OBJECTIVES. The objectives of this study were to determine the early language outcomes of children with mild to profound hearing loss, compared with hearing control children, at 12 to 16 months of age and to examine the effects of “very early” enrollment (≤3 months) in early intervention.
METHODS. This was a prospective longitudinal study of the outcomes of a cohort of 30 infants identified in the Rhode Island universal newborn hearing screening program and 96 hearing control subjects. Eligible families with children with all degrees of congenital hearing loss were invited to enroll. Child language skills were assessed by using the MacArthur-Bates Communicative Development Inventory, Words and Gestures, at 12 to 16 months.

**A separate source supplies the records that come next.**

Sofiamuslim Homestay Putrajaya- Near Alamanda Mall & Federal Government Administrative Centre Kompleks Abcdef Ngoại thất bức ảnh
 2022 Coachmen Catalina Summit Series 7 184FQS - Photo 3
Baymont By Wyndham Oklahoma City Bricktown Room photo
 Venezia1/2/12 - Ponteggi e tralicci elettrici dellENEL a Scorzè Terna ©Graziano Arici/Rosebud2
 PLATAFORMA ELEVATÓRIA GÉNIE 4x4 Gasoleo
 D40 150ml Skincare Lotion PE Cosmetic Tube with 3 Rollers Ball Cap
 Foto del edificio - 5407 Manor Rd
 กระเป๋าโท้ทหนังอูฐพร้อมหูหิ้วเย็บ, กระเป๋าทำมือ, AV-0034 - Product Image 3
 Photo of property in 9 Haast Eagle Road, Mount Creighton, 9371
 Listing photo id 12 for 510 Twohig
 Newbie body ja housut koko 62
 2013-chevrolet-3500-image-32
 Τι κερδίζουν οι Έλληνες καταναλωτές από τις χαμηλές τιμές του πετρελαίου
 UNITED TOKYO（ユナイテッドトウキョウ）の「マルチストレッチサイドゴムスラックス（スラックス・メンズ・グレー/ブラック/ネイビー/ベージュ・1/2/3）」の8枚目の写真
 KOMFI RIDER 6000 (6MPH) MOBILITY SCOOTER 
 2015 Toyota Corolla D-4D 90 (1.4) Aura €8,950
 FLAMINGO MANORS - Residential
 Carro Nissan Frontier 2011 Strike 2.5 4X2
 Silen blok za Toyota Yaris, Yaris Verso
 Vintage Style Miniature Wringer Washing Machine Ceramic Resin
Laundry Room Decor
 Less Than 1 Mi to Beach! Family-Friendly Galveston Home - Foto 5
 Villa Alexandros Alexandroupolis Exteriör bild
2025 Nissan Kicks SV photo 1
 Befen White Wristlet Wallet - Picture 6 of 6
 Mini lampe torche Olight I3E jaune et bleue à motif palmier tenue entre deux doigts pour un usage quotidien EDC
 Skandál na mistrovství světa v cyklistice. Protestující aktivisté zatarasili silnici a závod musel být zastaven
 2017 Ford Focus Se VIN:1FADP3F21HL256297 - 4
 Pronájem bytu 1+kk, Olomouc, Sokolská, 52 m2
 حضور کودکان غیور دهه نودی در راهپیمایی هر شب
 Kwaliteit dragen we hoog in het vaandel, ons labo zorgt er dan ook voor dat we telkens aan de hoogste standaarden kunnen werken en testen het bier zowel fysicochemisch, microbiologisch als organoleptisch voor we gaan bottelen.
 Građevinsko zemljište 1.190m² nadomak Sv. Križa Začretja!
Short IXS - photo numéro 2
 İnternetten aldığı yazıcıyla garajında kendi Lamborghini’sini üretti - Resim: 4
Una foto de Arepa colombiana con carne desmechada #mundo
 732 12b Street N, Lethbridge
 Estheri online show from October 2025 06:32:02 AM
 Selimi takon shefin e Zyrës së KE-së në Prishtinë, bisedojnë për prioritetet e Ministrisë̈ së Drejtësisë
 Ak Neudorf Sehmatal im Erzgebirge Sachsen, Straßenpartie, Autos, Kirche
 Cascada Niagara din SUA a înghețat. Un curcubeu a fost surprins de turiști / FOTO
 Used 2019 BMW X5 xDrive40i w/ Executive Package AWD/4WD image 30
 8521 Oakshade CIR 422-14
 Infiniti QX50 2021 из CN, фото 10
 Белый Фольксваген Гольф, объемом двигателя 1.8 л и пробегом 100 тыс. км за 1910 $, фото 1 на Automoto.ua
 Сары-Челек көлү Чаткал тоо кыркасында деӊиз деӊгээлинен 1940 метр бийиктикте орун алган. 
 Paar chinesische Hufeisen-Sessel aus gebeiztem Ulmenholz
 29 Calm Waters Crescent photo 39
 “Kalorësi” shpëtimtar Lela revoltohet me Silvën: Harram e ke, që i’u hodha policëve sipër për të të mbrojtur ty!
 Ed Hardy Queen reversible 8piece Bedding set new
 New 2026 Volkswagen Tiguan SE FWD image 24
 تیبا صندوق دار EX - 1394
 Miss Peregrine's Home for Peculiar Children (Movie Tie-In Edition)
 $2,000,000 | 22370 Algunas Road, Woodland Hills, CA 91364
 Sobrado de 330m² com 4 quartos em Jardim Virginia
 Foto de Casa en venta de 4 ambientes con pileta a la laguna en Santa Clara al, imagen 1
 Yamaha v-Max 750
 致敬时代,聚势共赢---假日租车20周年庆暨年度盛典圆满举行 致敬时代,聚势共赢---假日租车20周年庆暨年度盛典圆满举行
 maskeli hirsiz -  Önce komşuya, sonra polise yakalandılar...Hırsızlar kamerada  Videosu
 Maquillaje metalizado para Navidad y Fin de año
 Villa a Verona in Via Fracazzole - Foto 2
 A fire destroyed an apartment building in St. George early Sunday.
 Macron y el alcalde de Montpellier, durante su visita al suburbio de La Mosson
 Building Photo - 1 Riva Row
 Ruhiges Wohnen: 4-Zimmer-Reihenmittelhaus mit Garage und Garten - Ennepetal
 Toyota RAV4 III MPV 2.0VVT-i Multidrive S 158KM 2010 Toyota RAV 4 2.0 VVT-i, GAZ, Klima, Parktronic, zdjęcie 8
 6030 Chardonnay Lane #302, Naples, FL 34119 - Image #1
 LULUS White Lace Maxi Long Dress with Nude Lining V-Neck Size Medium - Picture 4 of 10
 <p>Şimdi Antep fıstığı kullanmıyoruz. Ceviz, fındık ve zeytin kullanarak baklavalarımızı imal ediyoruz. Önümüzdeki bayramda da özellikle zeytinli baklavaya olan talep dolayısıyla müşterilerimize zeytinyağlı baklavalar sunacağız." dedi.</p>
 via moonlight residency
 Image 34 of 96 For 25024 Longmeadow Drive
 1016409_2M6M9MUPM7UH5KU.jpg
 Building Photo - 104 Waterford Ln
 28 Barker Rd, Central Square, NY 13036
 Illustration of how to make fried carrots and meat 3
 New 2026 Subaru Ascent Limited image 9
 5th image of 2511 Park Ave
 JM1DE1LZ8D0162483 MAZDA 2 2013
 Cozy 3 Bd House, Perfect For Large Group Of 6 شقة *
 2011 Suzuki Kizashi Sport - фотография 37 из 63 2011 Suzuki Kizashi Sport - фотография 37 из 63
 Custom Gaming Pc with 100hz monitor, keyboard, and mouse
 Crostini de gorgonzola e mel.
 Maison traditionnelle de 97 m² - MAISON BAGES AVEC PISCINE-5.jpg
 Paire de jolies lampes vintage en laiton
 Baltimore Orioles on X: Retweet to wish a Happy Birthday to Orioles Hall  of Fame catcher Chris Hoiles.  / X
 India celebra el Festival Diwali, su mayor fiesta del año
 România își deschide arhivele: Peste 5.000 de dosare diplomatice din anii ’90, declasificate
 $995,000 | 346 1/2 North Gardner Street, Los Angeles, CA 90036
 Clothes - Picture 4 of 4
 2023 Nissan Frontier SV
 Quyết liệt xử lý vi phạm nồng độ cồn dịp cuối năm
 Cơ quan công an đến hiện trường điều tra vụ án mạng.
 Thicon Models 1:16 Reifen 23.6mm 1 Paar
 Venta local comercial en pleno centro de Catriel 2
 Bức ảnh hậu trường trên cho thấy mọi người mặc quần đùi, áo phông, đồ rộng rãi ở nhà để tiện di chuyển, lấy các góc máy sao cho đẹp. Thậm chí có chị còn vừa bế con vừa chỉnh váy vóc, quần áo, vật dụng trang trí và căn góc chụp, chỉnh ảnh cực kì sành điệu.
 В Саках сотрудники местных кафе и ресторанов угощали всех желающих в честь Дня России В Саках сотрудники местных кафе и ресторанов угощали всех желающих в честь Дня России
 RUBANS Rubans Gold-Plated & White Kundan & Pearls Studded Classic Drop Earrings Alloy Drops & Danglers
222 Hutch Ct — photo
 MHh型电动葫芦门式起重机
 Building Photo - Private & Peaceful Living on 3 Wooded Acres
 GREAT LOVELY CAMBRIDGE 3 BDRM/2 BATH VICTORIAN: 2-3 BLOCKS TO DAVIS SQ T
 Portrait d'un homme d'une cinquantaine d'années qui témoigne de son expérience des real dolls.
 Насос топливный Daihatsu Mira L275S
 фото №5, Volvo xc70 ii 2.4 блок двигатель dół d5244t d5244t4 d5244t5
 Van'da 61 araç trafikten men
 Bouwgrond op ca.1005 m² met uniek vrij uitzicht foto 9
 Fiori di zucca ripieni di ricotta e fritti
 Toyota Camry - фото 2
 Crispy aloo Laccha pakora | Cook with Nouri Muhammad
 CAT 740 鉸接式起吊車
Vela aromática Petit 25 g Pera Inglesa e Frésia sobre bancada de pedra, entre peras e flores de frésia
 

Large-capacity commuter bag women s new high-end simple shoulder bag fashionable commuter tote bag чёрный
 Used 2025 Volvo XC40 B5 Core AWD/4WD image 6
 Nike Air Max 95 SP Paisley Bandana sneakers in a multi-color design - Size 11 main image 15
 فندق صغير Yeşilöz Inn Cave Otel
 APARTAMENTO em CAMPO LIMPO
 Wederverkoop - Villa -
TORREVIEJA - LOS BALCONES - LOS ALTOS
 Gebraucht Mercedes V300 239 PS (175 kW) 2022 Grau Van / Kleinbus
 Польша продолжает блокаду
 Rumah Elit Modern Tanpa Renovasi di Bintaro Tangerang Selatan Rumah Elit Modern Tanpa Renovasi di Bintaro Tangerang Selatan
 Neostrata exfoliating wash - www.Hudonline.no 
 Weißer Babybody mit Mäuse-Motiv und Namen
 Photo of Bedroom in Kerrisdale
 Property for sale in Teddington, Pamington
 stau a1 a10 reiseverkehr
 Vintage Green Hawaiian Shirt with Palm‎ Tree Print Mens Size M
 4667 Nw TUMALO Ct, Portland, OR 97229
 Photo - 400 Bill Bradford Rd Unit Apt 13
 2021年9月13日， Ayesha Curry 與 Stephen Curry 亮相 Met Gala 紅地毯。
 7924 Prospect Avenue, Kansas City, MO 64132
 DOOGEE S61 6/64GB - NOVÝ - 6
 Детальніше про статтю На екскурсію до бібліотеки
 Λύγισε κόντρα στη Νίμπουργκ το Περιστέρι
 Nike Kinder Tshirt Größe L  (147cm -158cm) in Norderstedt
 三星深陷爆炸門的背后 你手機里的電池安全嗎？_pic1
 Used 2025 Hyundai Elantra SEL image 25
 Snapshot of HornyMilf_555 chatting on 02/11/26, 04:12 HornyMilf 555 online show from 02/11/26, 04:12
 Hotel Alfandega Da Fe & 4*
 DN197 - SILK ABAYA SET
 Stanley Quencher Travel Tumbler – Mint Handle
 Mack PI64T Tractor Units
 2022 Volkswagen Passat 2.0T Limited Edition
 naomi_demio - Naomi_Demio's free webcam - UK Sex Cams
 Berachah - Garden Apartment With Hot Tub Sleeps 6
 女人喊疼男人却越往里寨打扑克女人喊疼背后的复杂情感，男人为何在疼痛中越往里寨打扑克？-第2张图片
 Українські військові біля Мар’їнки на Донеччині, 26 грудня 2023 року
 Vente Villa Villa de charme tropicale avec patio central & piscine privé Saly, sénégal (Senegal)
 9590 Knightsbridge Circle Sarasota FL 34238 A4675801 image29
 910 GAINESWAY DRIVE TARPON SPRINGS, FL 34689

RESULTS. Children with moderate/profound hearing loss had significantly lower numbers of phrases understood, words understood, and early, later, and total gestures, compared with children with mild/minimal hearing loss and hearing control subjects. Furthermore, children with hearing loss who were enrolled in early intervention at ≤3 months had significantly higher percentile scores for number of words understood, words produced, and early, later, and total gestures, compared with those enrolled at >3 months. Regression analyses to test the independent effects on language skills of children with hearing loss identified enrollment in early intervention at ≤3 months as an independent predictor of percentile scores for word and early gesture production.
CONCLUSIONS. Very early enrollment (≤3 months) in early intervention has beneficial effects on early language for children with hearing loss. Nevertheless, 12- to 16-month-old children with moderate/profound hearing loss exhibit delayed receptive and expressive language skills in oral and signed English modes, compared with peers with either mild/minimal hearing loss or typical hearing sensitivity.